Getting Started

Installation

If you’ve Go installed, you can install cloudprober from source using the following command:

go install github.com/cloudprober/cloudprober/cmd/cloudprober@latest
Other Methods:
MethodInstructionsPlatform
Brewbrew install cloudproberMacOS, Linux
Docker Imagedocker run ghcr.io/cloudprober/cloudprober (other docker versions)Docker
Helm chartSee here for instructionsKubernetes
Pre-built binariesDownload from the releases page.MacOS, Linux, Windows

See this page for how to access unreleased binaries.

Configuration

Without any config, cloudprober will run only the “sysvars” module (no probes) and write metrics to stdout in cloudprober’s line protocol format (to be documented). It will also start a Prometheus exporter at: http://localhost:9313 (you can change the default port through the environment variable CLOUDPROBER_PORT and the default listening address through the environment variable CLOUDPROBER_HOST).

Since sysvars variables are not very interesting themselves, lets add a simple config that probes Google’s homepage:

# Write config to a file in /tmp
cat > /tmp/cloudprober.cfg <<EOF
probe {
  name: "google_homepage"
  type: HTTP
  targets {
    host_names: "www.google.com"
  }
  interval_msec: 5000  # 5s
  timeout_msec: 1000   # 1s
}
EOF

This config adds an HTTP probe that accesses the homepage of the target “www.google.com” every 5s with a timeout of 1s. Cloudprober configuration is specified in the text protobuf format, with config schema described by the proto file: config.proto.

Assuming that you saved this file at /tmp/cloudprober.cfg (following the command above), you can have cloudprober use this config file using the following command line:

./cloudprober --config_file /tmp/cloudprober.cfg

You can have the standard docker image use this config using the following command:

docker run -v /tmp/cloudprober.cfg:/etc/cloudprober.cfg \
    ghcr.io/cloudprober/cloudprober

Note: While running on GCE, cloudprober config can also be provided through a custom metadata attribute: cloudprober_config.

Verification

One quick way to verify that cloudprober got the correct config is to access the URL http://localhost:9313/config (through cURL or in browser). It returns the config that cloudprober is using. You can also look at its current status at the URL (replace localhost by the actual hostname if not running locally): http://localhost:9313/status.

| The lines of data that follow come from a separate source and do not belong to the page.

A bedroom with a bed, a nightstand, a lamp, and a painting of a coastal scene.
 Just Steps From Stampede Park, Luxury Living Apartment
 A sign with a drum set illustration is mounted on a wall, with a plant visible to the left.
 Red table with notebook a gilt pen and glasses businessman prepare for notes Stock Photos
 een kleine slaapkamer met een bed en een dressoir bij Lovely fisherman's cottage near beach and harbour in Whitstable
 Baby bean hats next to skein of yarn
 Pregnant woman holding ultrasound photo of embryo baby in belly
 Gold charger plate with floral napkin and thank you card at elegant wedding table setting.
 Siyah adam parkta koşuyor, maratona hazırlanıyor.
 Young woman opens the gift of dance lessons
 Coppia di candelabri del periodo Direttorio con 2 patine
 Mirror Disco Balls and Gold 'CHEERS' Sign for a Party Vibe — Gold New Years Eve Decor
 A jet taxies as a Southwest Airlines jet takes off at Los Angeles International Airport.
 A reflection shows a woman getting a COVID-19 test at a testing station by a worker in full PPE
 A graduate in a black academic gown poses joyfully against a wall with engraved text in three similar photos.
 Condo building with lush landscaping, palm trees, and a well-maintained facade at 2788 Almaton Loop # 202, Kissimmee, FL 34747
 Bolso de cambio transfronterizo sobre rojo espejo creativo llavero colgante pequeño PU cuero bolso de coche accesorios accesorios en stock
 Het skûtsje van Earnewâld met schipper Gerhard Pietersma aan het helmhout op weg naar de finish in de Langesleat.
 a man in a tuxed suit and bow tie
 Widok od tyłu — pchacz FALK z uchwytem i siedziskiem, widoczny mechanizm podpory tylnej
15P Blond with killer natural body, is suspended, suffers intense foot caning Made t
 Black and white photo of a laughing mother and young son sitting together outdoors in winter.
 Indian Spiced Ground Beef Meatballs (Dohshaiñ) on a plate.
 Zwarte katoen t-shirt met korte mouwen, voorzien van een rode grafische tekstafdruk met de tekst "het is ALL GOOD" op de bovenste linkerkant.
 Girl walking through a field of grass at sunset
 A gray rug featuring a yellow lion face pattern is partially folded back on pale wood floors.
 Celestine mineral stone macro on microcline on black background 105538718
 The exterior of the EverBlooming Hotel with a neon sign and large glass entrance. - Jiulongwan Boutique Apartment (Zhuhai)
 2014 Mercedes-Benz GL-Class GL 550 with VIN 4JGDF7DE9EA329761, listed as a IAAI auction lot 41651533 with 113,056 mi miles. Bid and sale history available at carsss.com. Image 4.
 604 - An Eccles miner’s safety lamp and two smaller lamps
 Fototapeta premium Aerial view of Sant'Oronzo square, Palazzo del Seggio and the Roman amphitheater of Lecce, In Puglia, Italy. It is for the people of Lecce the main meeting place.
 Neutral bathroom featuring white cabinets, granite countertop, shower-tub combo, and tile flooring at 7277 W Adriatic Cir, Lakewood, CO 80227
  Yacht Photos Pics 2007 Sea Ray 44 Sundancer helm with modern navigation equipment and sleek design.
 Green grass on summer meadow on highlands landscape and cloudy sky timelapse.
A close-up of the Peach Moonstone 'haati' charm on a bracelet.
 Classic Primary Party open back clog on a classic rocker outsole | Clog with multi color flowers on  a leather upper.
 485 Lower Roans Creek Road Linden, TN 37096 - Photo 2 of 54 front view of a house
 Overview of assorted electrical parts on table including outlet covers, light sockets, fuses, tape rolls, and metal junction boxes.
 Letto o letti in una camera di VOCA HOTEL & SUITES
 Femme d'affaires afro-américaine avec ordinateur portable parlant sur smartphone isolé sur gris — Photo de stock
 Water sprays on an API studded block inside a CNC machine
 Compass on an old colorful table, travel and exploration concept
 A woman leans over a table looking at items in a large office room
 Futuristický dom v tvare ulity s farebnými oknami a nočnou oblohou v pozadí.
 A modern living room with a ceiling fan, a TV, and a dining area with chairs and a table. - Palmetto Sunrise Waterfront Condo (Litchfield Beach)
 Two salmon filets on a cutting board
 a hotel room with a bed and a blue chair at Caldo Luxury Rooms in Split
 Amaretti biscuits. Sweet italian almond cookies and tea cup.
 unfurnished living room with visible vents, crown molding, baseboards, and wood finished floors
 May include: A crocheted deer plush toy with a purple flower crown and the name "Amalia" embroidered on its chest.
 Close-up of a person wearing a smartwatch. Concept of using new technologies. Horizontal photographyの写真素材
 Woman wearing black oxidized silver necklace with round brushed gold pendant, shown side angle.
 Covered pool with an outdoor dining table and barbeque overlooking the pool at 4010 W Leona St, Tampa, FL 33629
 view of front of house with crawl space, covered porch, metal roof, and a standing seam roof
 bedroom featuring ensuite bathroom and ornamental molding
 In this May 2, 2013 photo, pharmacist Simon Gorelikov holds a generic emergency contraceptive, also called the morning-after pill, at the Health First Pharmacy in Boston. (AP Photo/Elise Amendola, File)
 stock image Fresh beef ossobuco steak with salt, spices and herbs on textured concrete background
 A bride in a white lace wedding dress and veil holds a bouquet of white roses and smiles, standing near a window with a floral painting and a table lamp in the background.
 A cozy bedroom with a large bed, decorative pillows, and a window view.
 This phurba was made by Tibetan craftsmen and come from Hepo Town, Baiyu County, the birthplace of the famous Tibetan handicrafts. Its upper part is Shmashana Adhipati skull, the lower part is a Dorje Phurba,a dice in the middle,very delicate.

You should be able to see the generated metrics at http://localhost:9313/metrics (prometheus format) and the stdout (cloudprober format):

cloudprober 15.. 1500590520 labels=ptype=http,probe=google-http,dst=.. total=17 success=17 latency=180835
cloudprober 15.. 1500590530 labels=ptype=sysvars,probe=sysvars hostname="manugarg-ws" uptime=100
cloudprober 15.. 1500590530 labels=ptype=http,probe=google-http,dst=.. total=19 success=19 latency=211644

This information is good for debugging monitoring issues, but to really make sense of this data, you’ll need to feed this data to another monitoring system like Prometheus or StackDriver (see Surfacers for more details). Lets set up a Prometheus and Grafana stack to make pretty graphs for us.

Running Prometheus

Download prometheus binary from its release page. You can use a config like the following to scrape a cloudprober instance running on the same host.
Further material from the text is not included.